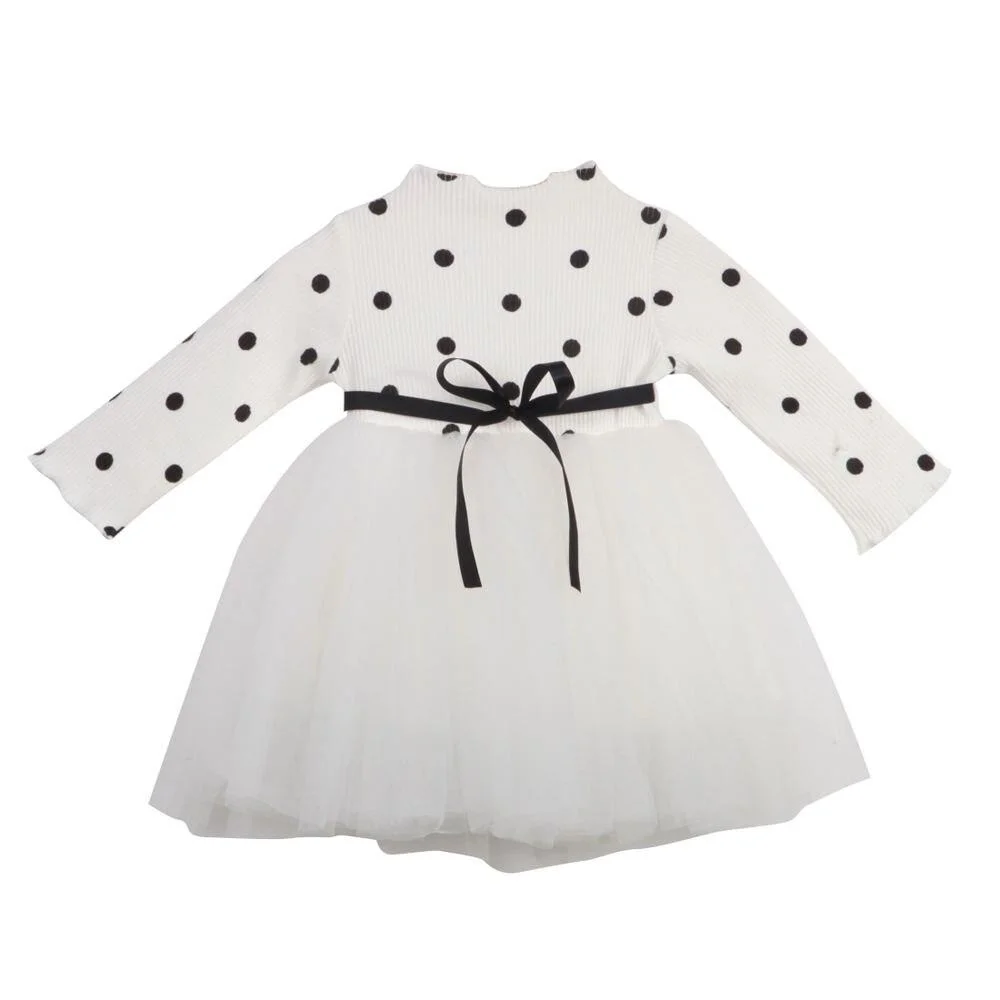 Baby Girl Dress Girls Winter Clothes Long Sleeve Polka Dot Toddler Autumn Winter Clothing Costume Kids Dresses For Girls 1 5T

---

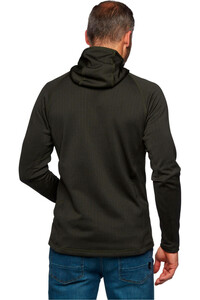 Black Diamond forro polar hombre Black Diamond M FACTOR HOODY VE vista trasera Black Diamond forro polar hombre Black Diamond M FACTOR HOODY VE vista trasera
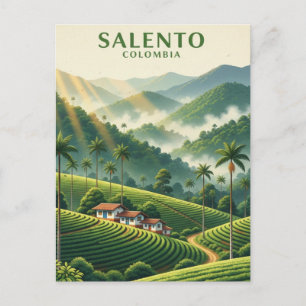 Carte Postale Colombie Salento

...

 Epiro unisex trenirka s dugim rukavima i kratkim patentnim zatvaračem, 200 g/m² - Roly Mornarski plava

What to produce —
With the pictures omitted, copy the entries above exactly from the line containing "vista trasera Black" through the line containing "Carte Postale Colombie Salento", both lines included.

Written reply —
 Black Diamond forro polar hombre Black Diamond M FACTOR HOODY VE vista trasera Black Diamond forro polar hombre Black Diamond M FACTOR HOODY VE vista trasera
 Carte Postale Colombie Salento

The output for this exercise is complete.